» **Given records**:
::::

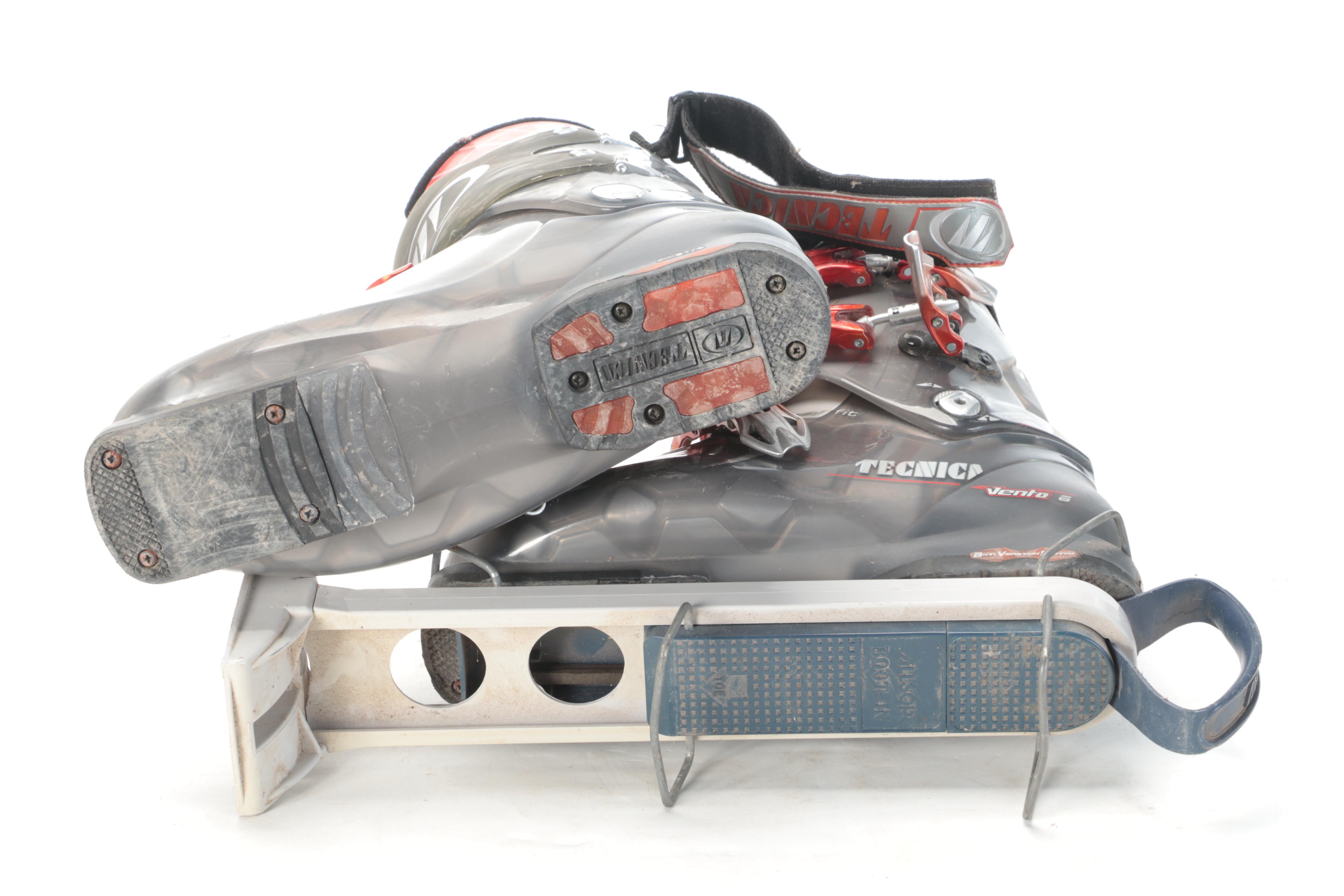 Volkl Snow Skis With Tecnica Vento 6 Boots and Metric Ski Poles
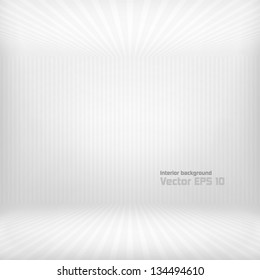 Abstract white interior. EPS 10 vector illustration. Used transparency layer and mesh
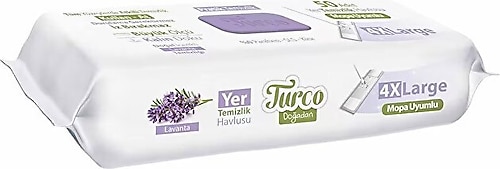 Turco Doğadan Lavanta Yer Temizlik Havlusu 50 Yaprak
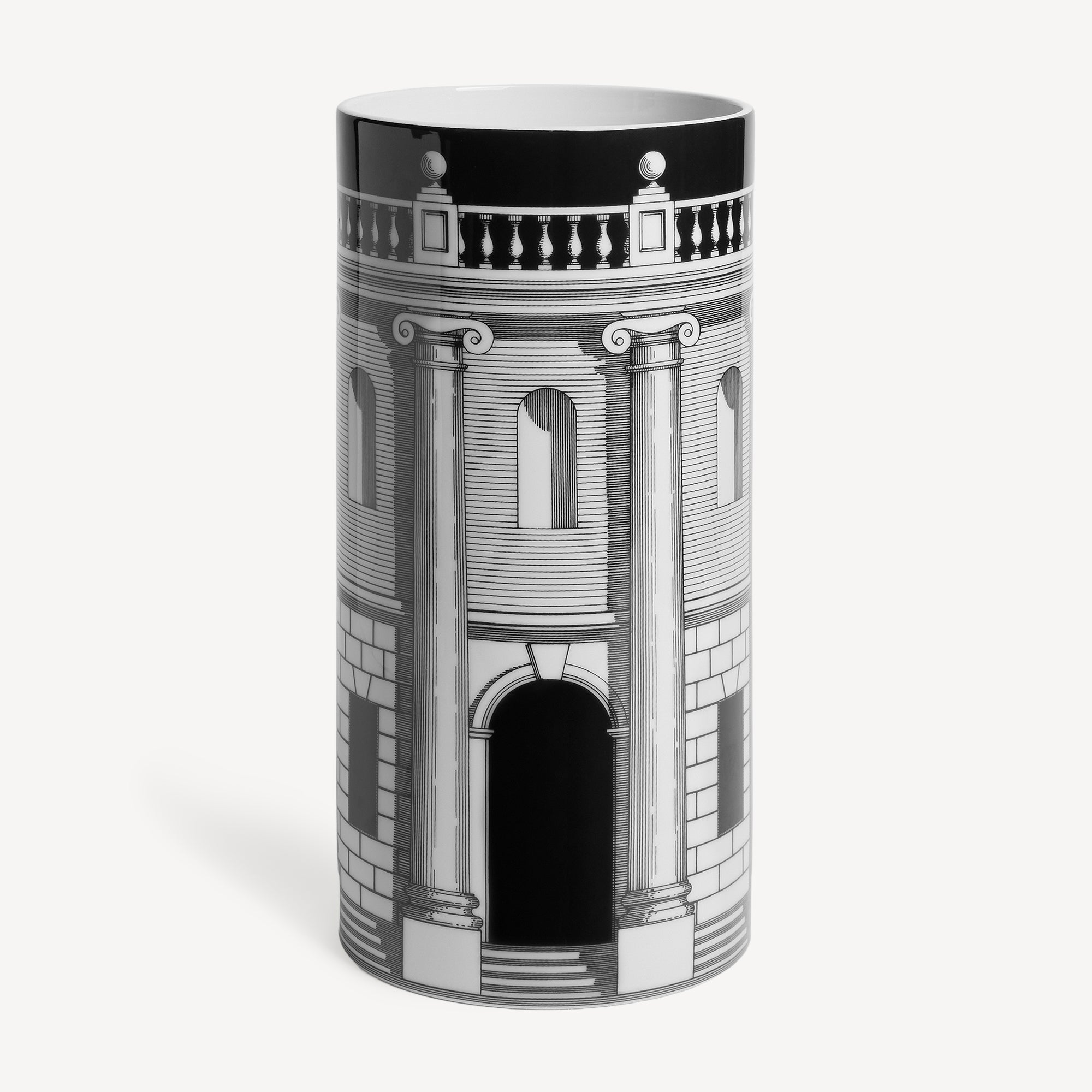 Vase Cylindrique Moyen Casa con Colonne 
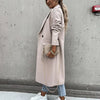 ModeParisienne® Lisa - Elegante Cappotto Lungo Autunnale Con Bottoni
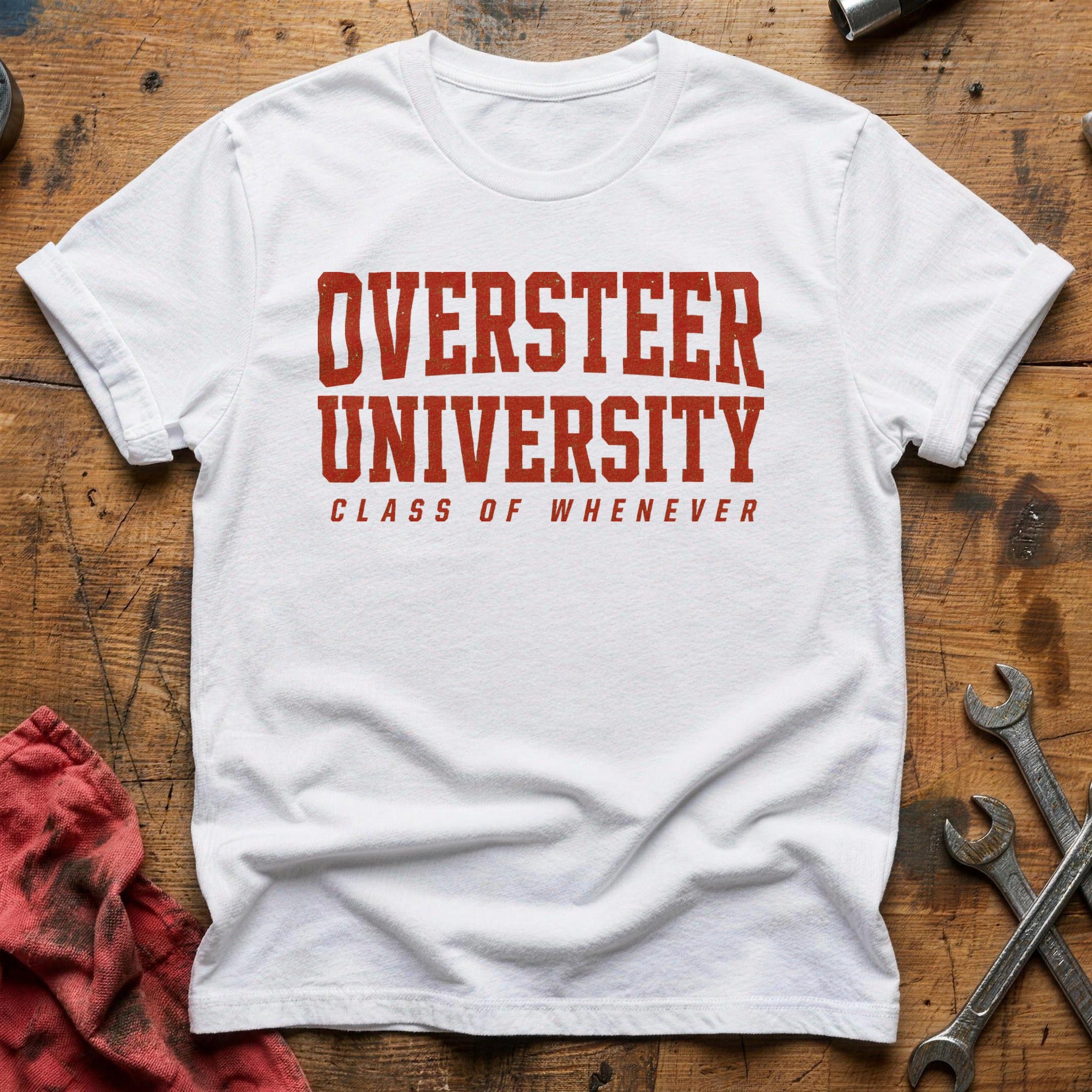 Oversteer University T-Shirt - White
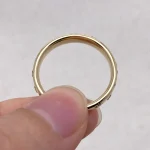 4mm Wide Cigar Band Starburst Ring - 10K / 14K / 18K Gold (Yellow / White / Rose) lab diamond/moissanite/lab gemstone - Image 5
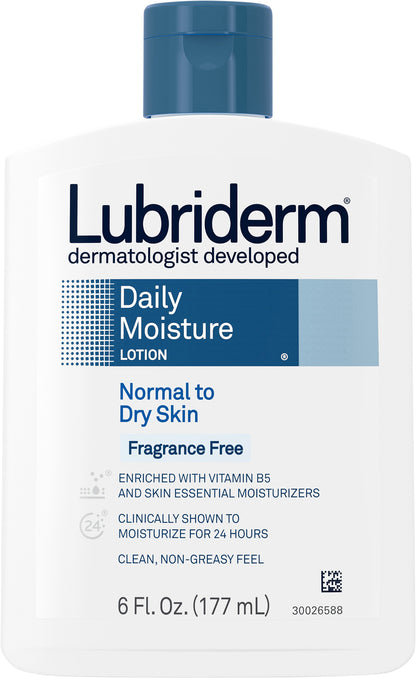 Lubriderm Daily Moisture Full Body Lotion, Fragrance-Free, 6 fl. oz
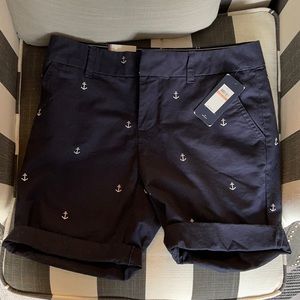 NWT Tommy Hilfiger Sz2 Navy Blue Shorts w/ Anchors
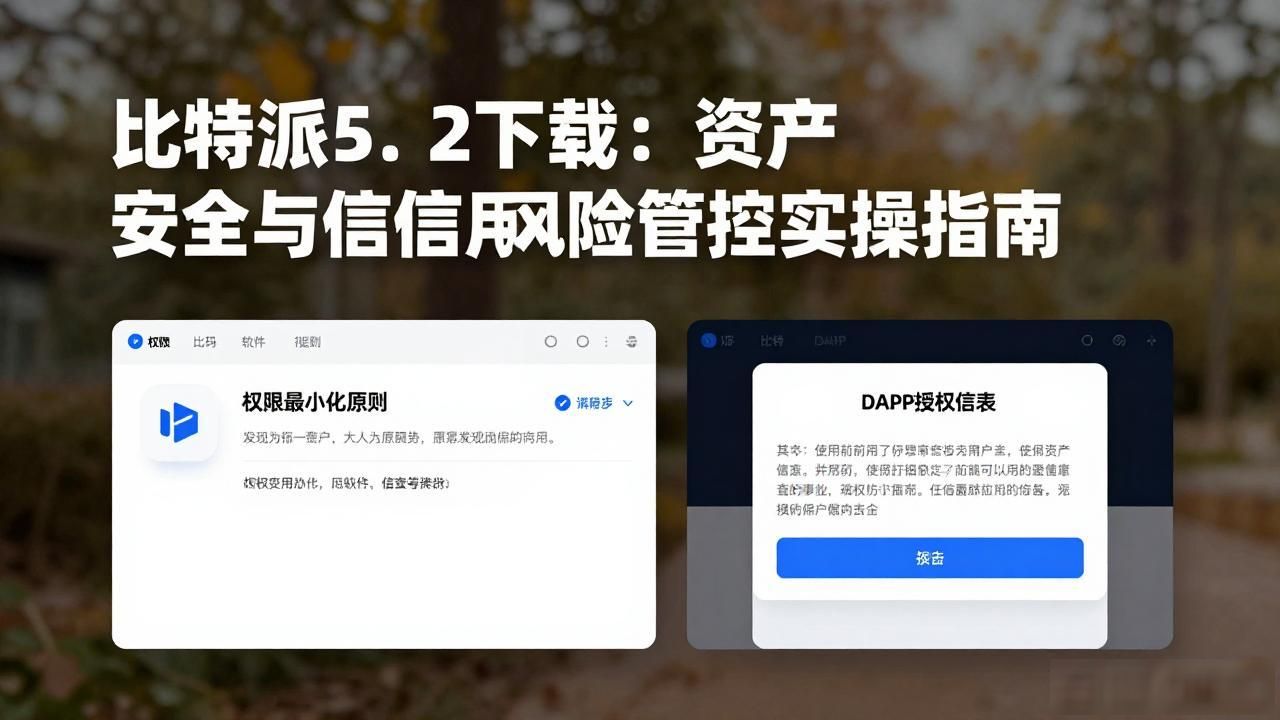 比特派5.2下载：资产安全与信用风险管控实操指南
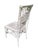 1940s Shabby Chic White Wicker Mahogany Top Writing Secretary Desk W/ Chair For Sale - Image 13 of 14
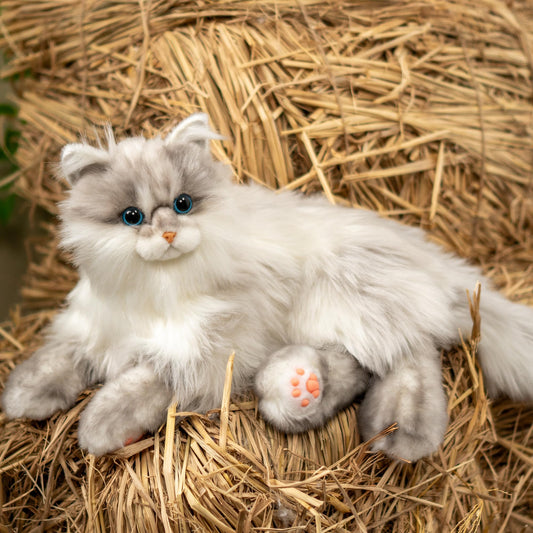 Chongker weighted cat plush with realistic body for lifelike companionship at home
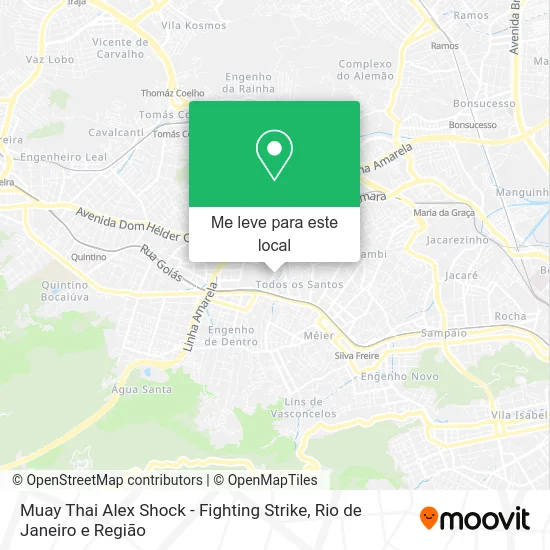 Muay Thai Alex Shock - Fighting Strike mapa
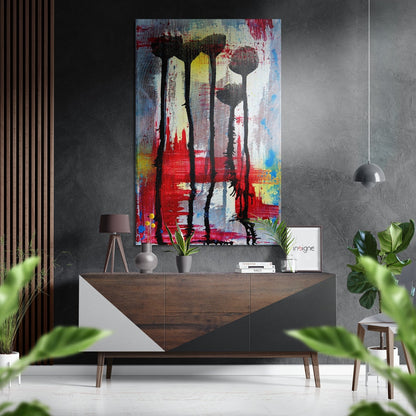 Shadow flowers metal wall art
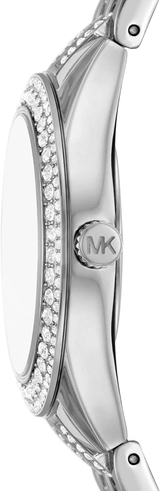 Michael Kors Womens Harlowe Silver Watch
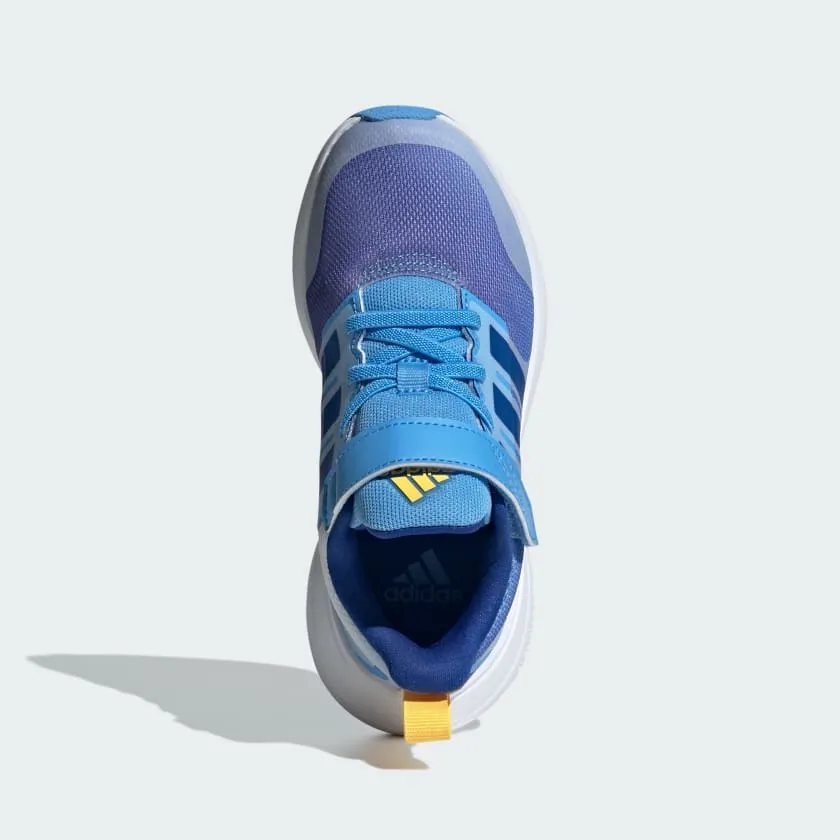 ADIDAS FORTARUN 2.0 ELASTIC LACE - KIDS - BLUE BURST/ROYAL BLUE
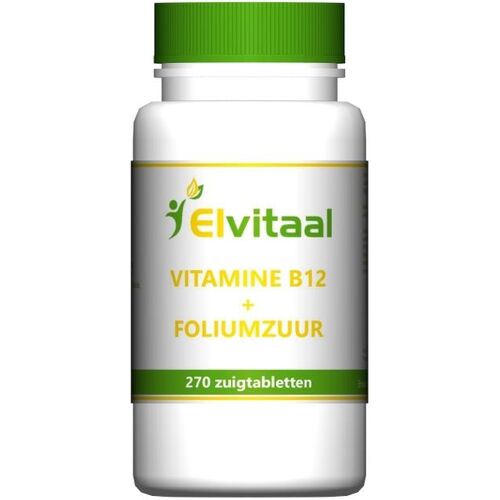 Elvitum Vitamine B12 1000mcg + foliumzuur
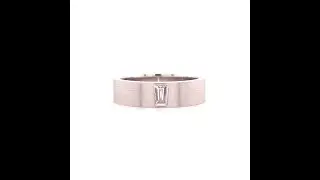 Men's Satin Finish Emerald Cut Diamond Wedding Ring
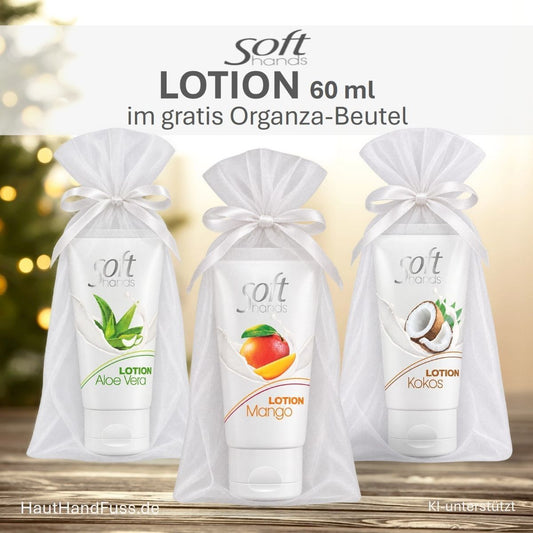 Camillen 60 Softhands LOTION 3er Set im gratis Organzabeutel bei HautHandFuss.de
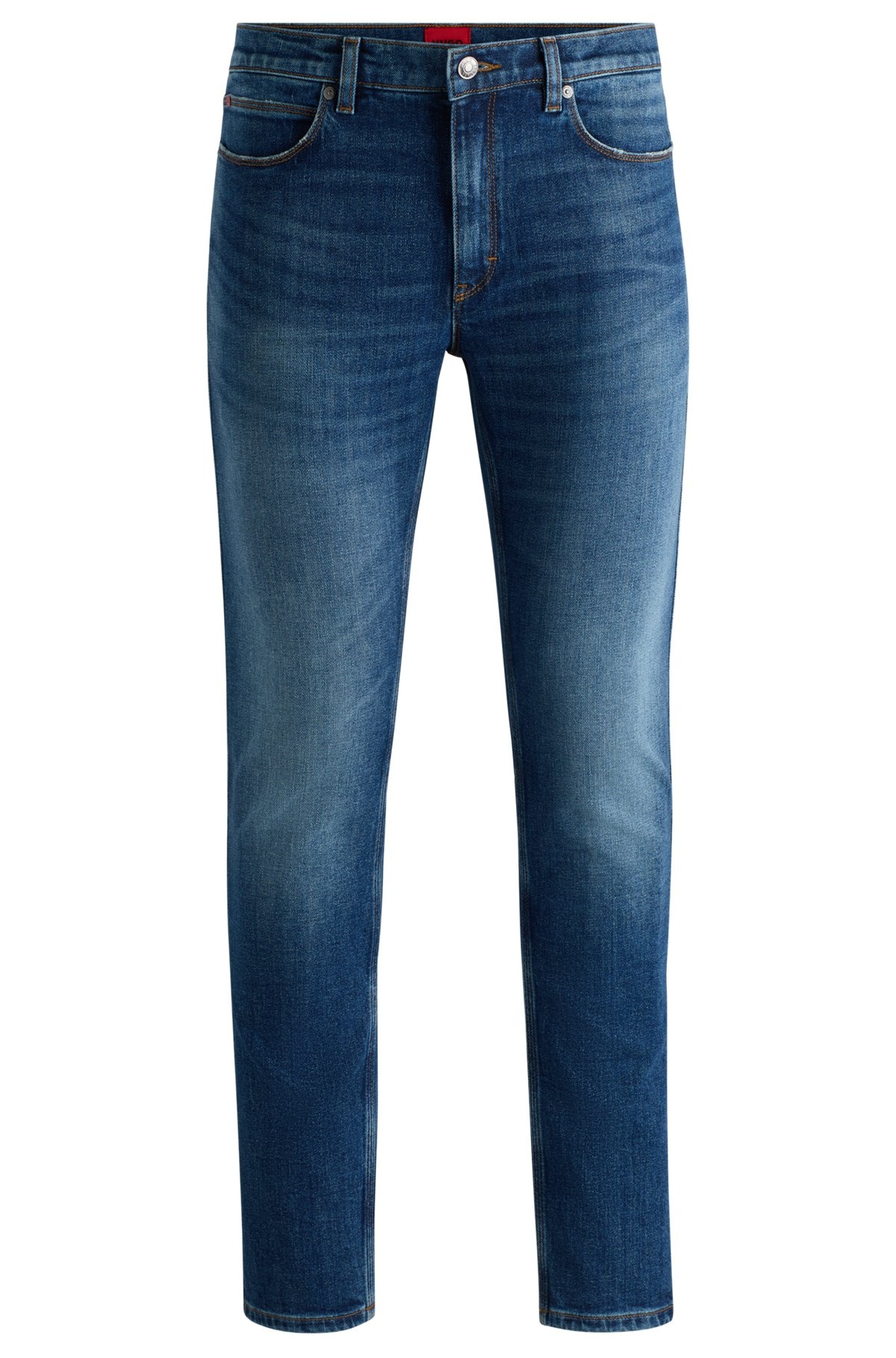 EXTRA-SLIM-FIT JEANS IN BLUE COMFORT-STRETCH DENIM - 1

::::

» **Work order**: Copy out only the lines beginning at the line with "ADIDAS FORTARUN 2.0" and ending at the last line of the entries. Keep them exact; drop pictures.

» **Response**:
 ADIDAS FORTARUN 2.0 ELASTIC LACE - KIDS - BLUE BURST/ROYAL BLUE
 Elvitum Vitamine B12 1000mcg + foliumzuur
 Men's Satin Finish Emerald Cut Diamond Wedding Ring
 Camillen 60 Softhands LOTION 3er Set im gratis Organzabeutel bei HautHandFuss.de
 EXTRA-SLIM-FIT JEANS IN BLUE COMFORT-STRETCH DENIM - 1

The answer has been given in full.